St. Albert environmentalist Elke Blodgett deserves her honour — plus our attention!

By David Climenhag
David Climenhaga’s Alberta Diary
January 7, 2011

Elke Blodgett at Big Lake,  with the power line visible behind her. (Saint City News photo.)
Elke Blodgett at Big Lake, with the power line visible behind her.
(Saint City News photo.)

This column appeared in today’s edition of the Saint City News.

I often see Elke Blodgett in the distance, trudging across Ray Gibbon Drive toward Big Lake. Winter or summer, rain or sunshine, it doesn’t seem to matter. There she is, a tiny determined dynamo.

Even in the distance, reduced to not much more than a dot on the landscape, there’s something very forceful about this small person. No passerby — even someone from Saskatchewan or B.C. — could fail to recognize that the figure on the horizon knows exactly where she is going.

Elke is, you see, not just a passionate advocate for our natural environment, she is herself a force of nature. Indeed, such is her forcefulness that it’s impossible for an old journalist, set in his ways after three decades in the trade, to refer to her by last name alone, as if she were merely a mayor, major general, deputy minister or corporate president.

Elke in her garden. (Photo by Alan Henderson.)
Elke in her garden.
(Photo by Alan Henderson.)

No, Elke is Elke! In many ways, I have learned in the years since my family moved to St. Albert, she is among the best friends this community has. Since she came here from Europe via the U.S. in 1966, the seventy-something Elke has battled the city on pesticide use, the location of roads, the ugly mess in our old landfills, ill-considered plans to make inroads into our watershed and the location of bird-killing power lines.

Often, I am sorry to report, her wise counsel is ignored, and we are worse off for it. But Elke persists with determination, stinging wit and bushels of facts. Ask her a question about a local environmental issue, as I have from time to time, and you’re likely to get an email with more facts than you can manage, then another and another!

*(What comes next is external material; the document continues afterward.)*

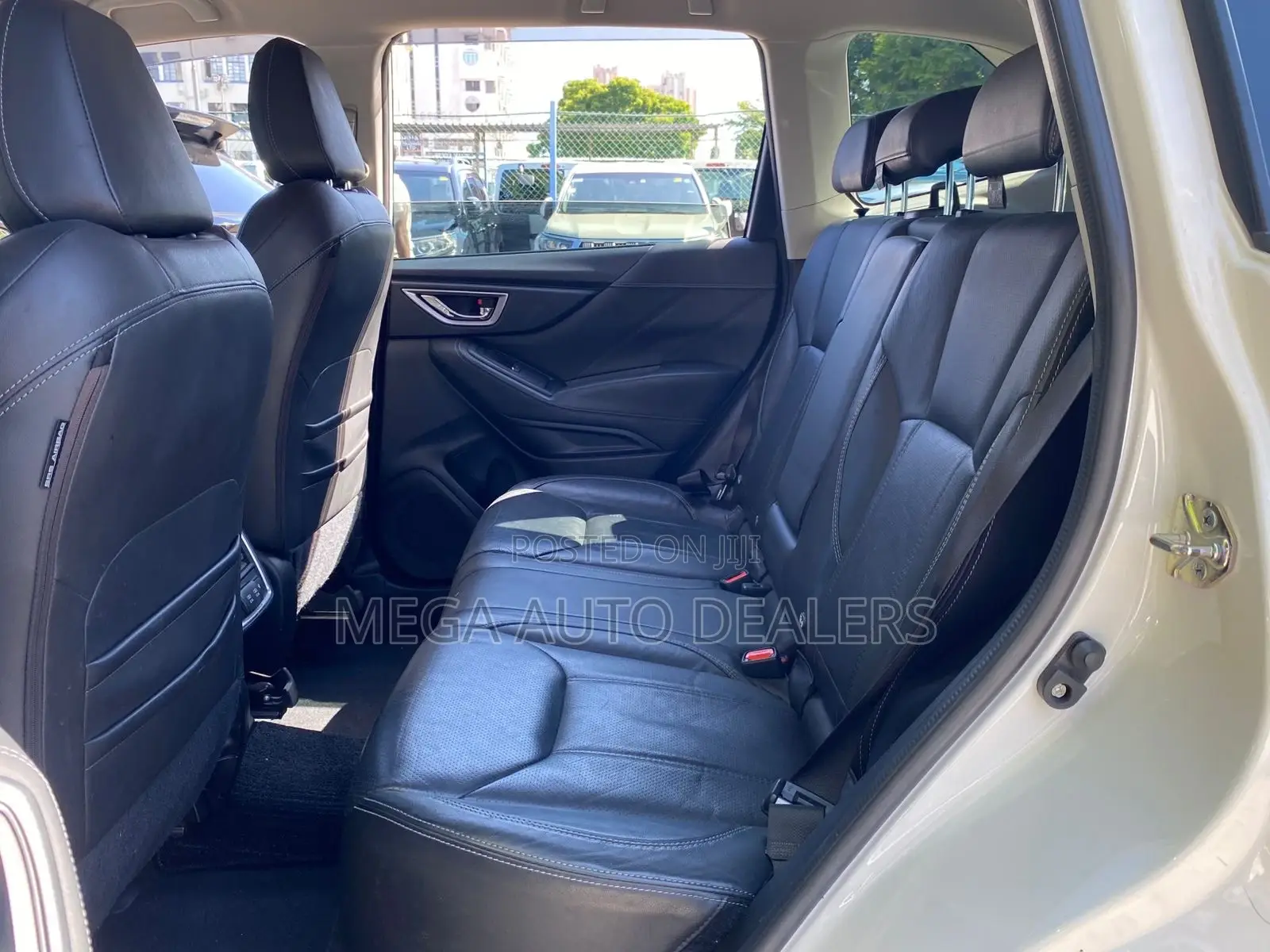 Subaru Forester 2018 White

As a retired person, she’s got both time and energy to attend city council meetings, speak forcefully and, if necessary, be a thorn in a councillor’s side. Yes, Elke can be a gadfly, in the sense she is someone who persistently cajoles, criticizes, demands and offers solutions.

I know that some city councillors have dealt with this by trying to ignore her — which seems a bit like trying to ignore the rising tide. The smarter ones pay attention to what Elke says because they know that, very often, she speaks for many St. Albertans.

This is why I was so pleased to read in the Saint City News that the City of St. Albert plans to name the peninsula at the Riel Stormwater Pond in her honour. “Elke’s Peninsula,” the city’s news release stated, is one of the preferred locations in our community for wetland birds to nest. Mayor Nolan Crouse observed that “it is fitting for Elke to be recognized and I can think of no better way of doing so than to name this area within the constructed wetlands after her.”

But, you know what, this honour doesn’t really go far enough. We need to listen up and take some of Elke’s advice about how to treat the wetland area around Elke’s Peninsula with the respect it deserves.

Unfortunately, it’s too late to put Ray Gibbon Drive, which runs beside Elke’s Peninsula, where Elke thought it belonged. But it’s not too late to do something about that infernal bird-killing power line, which needs to be relocated, preferably underground.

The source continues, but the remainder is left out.